= Data excerpts =
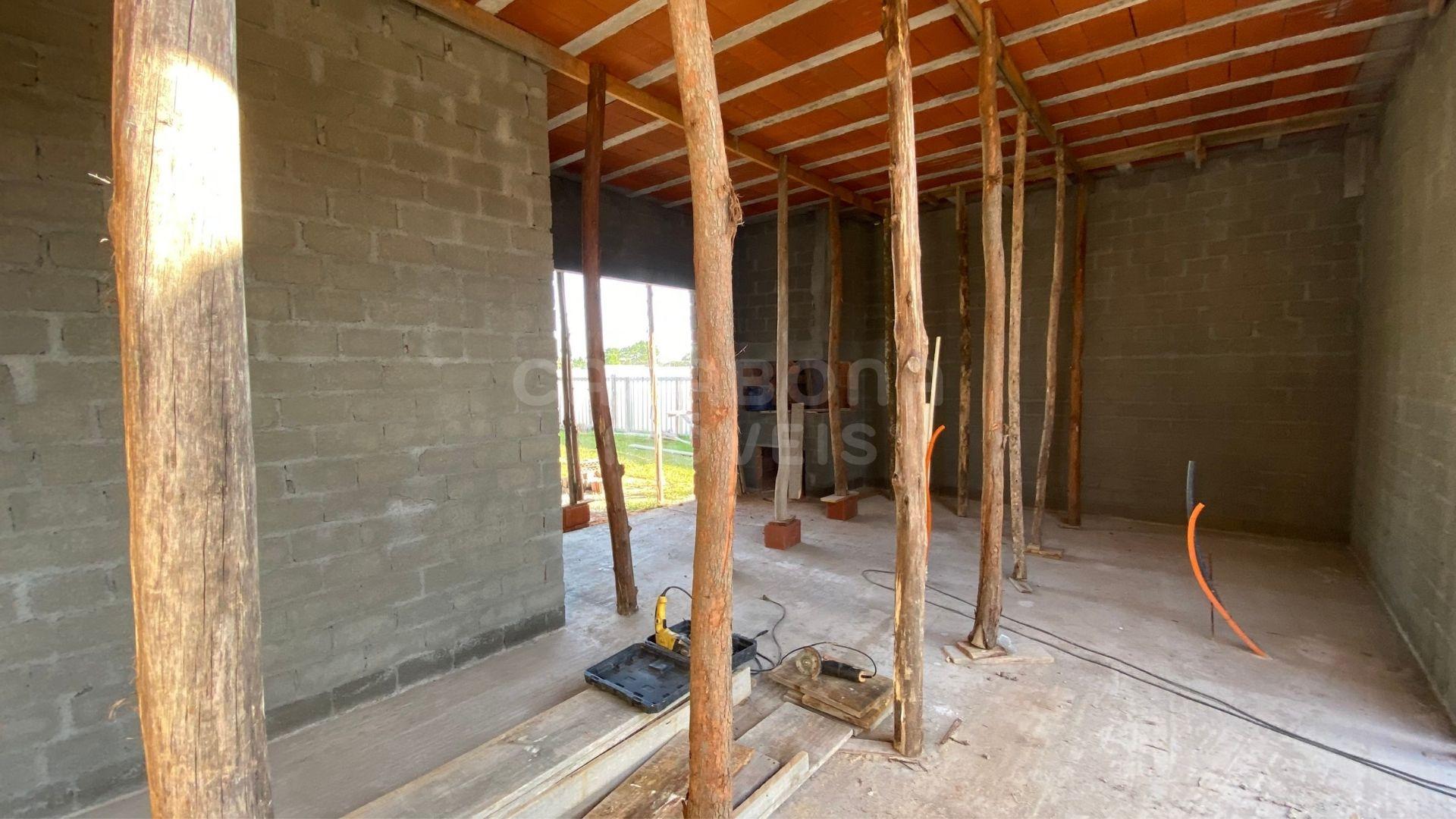 Casa de Alto Padrão no Condomínio Parque das Figueiras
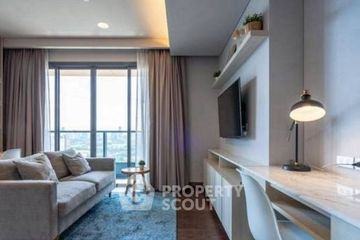 2 Bedroom Condo for rent in The Lumpini 24, Khlong Tan, Bangkok near BTS Phrom Phong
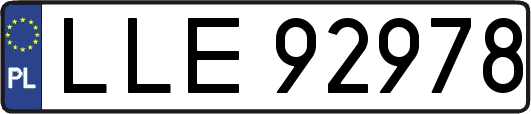 LLE92978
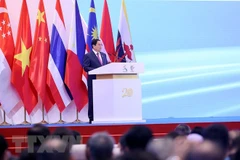 Việt Nam tích cực đóng góp vào thành công của CAEXPO, CABIS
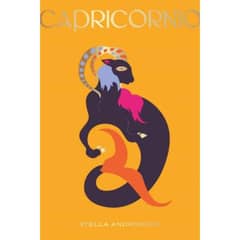 EDITORIAL CATALONIA - CARPICORNIO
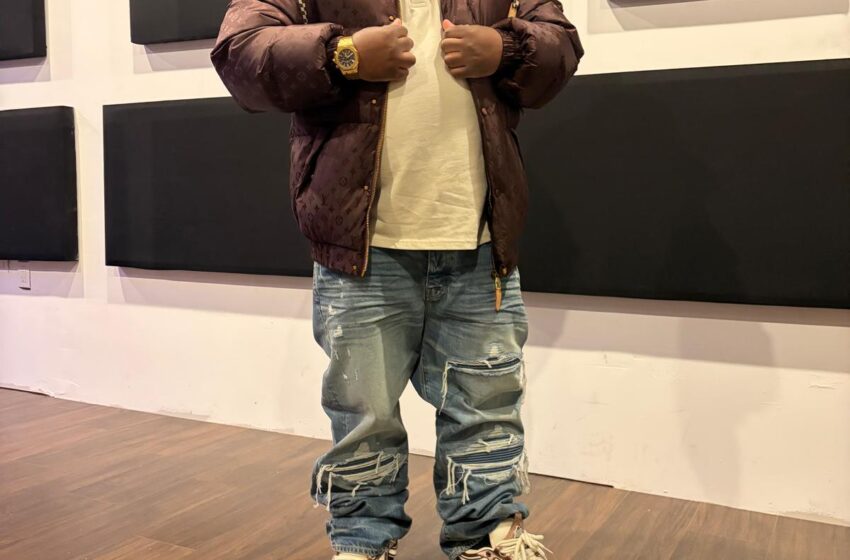  Nuk: “Jaw Dropping” y su postura firme en el trap actual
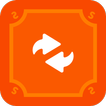 Sticker GO! icon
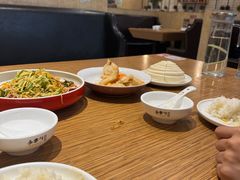 五常大米饭-金掌勺·锅包肉(广渠门店)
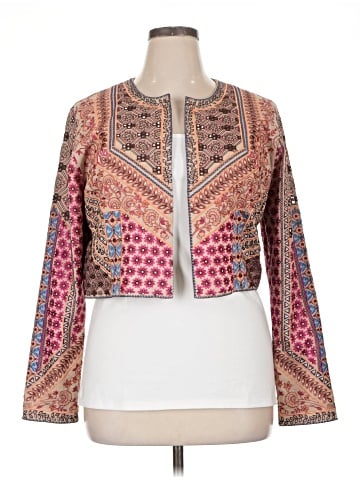 Soft Surroundings Jacket (view 1)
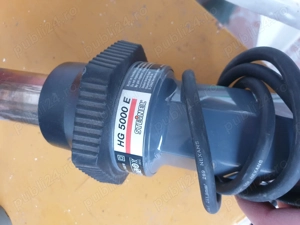 Vând generator aer cald hg 5000.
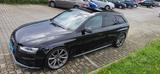 Audi RS4*Avant*4.2*FSI*V8*Quattro*S-tronic*B&O*Pano* - Audi RS4: B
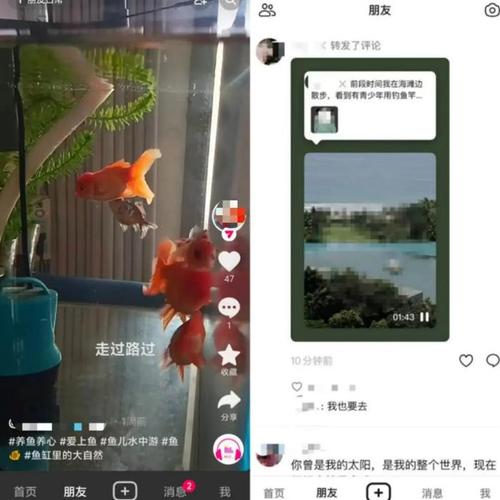 抖音为什么推出道具栏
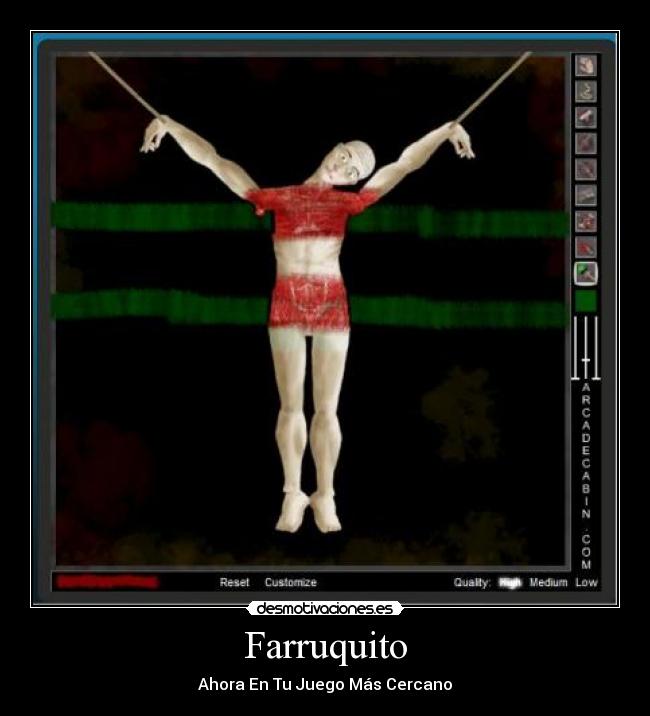 Farruquito - 
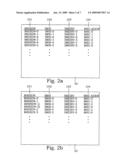 Method and apparatuses for sending message to a mobile station by addressing the hardware part diagram and image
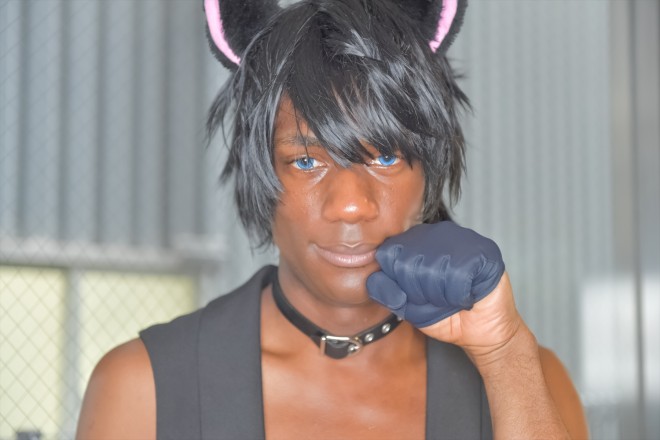 yCOSLIVEzRXvC[ WW @nakanojojo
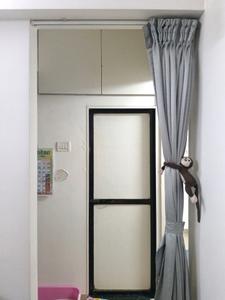 Passage Image of 600 Sq.ft 1 BHK Apartment / Flat for sale in Crystal Fiama NX, Kasarvadavali Thane for Rs. 5499999
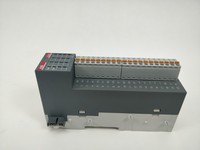 164. 100% Asli Baru AI561-XC-V112 Komponen Kondisi Ekstrem Keandalan Tinggi 112 PLC Controller Kompak Modular Automatik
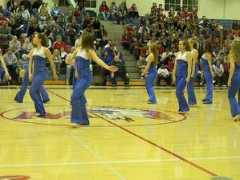 mohiganbasketball.com Rowdie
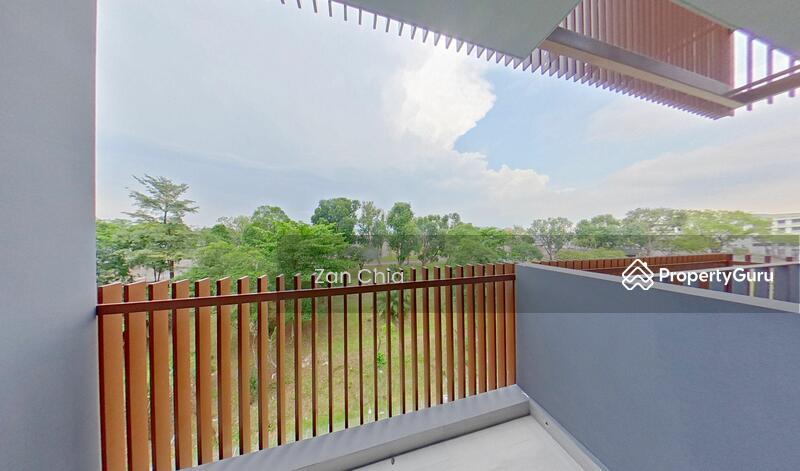 Condominium for Sale: D21, 599982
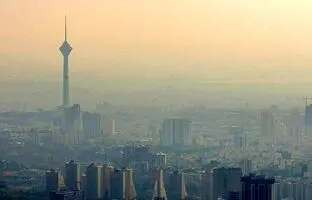 ۴۸ ساعت آلودگی شدید هوا در تهران/ این افراد از امشب در خانه بمانند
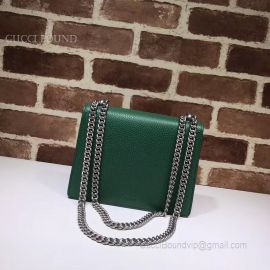 Gucci Dionysus GG Mini Bag Green 421970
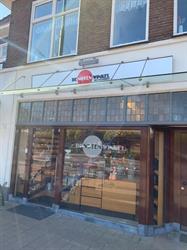 De Notenwinkel van Ede en Oosterbeek, openingstijden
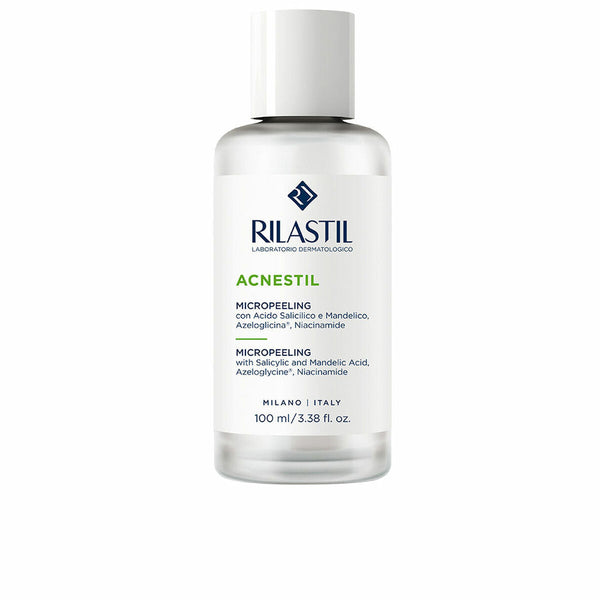 Exfoliating Cream Rilastil ACNESTIL 100 ml-0
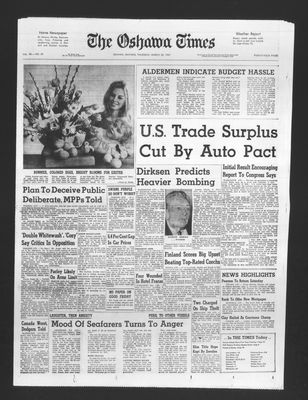 Oshawa Times (1958-), 23 Mar 1967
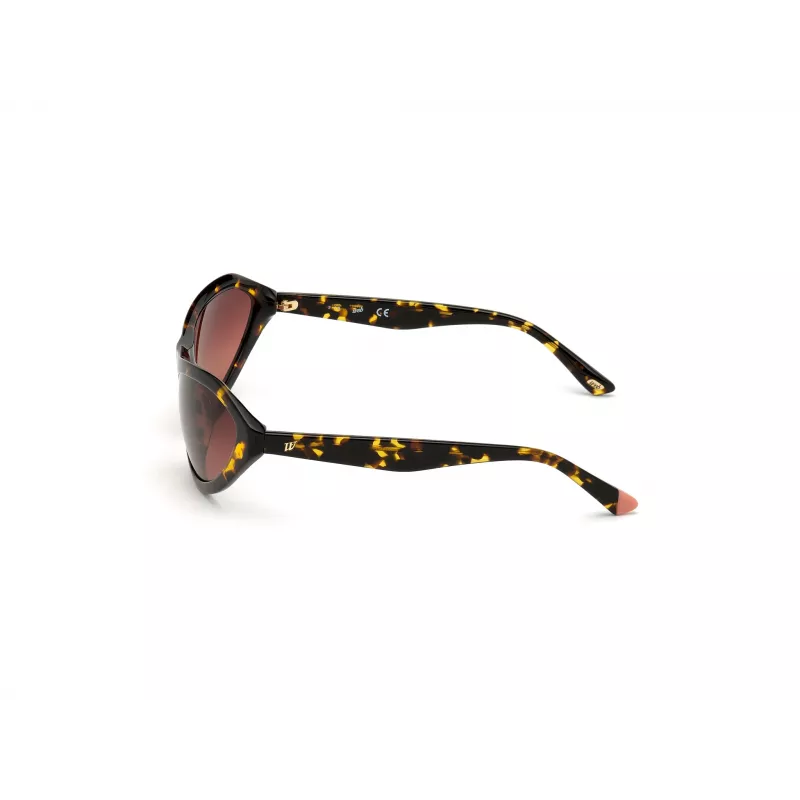 Occhiali da sole donna WEB EYEWEAR WE0288-6052F Havana grigio sfumato 60/18/125 mm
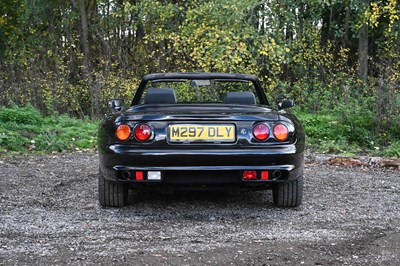 Lot 125 - 1995 AC Brooklands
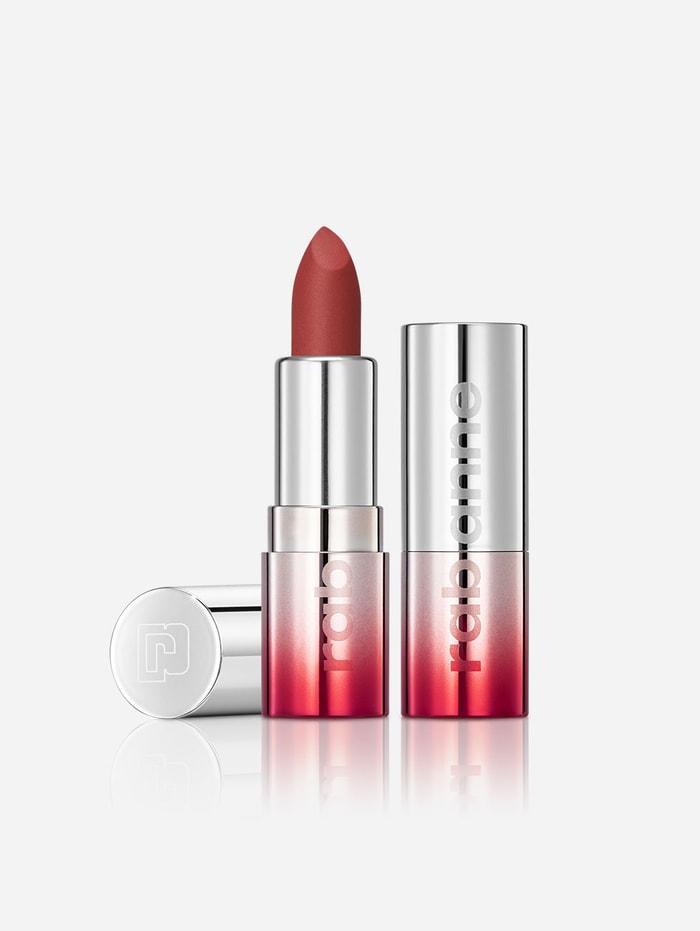 PR MUP LIPCOLOR MINI RED SEAL 636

= Problem statement =
Set down the entries exactly as they appear, with every picture left out.

= Exercise output =
 Casa de Alto Padrão no Condomínio Parque das Figueiras
 2 Bedroom Condo for rent in The Lumpini 24, Khlong Tan, Bangkok near BTS Phrom Phong
 LLE92978
 Việt Nam tích cực đóng góp vào thành công của CAEXPO, CABIS
 EDITORIAL CATALONIA - CARPICORNIO
  Nuk: “Jaw Dropping” y su postura firme en el trap actual
 Sticker GO! icon
 五常大米饭-金掌勺·锅包肉(广渠门店)
 Soft Surroundings Jacket (view 1)
 Vând generator aer cald hg 5000.
 Audi RS4*Avant*4.2*FSI*V8*Quattro*S-tronic*B&O*Pano* - Audi RS4: B
 抖音为什么推出道具栏
 Farruquito - 
 Method and apparatuses for sending message to a mobile station by addressing the hardware part diagram and image
 yCOSLIVEzRXvC[ WW @nakanojojo
 Passage Image of 600 Sq.ft 1 BHK Apartment / Flat for sale in Crystal Fiama NX, Kasarvadavali Thane for Rs. 5499999
 164. 100% Asli Baru AI561-XC-V112 Komponen Kondisi Ekstrem Keandalan Tinggi 112 PLC Controller Kompak Modular Automatik
 mohiganbasketball.com Rowdie
 Condominium for Sale: D21, 599982
 ۴۸ ساعت آلودگی شدید هوا در تهران/ این افراد از امشب در خانه بمانند
 Gucci Dionysus GG Mini Bag Green 421970
 De Notenwinkel van Ede en Oosterbeek, openingstijden
 Exfoliating Cream Rilastil ACNESTIL 100 ml-0
 Oshawa Times (1958-), 23 Mar 1967
 Occhiali da sole donna WEB EYEWEAR WE0288-6052F Havana grigio sfumato 60/18/125 mm
 Lot 125 - 1995 AC Brooklands
 PR MUP LIPCOLOR MINI RED SEAL 636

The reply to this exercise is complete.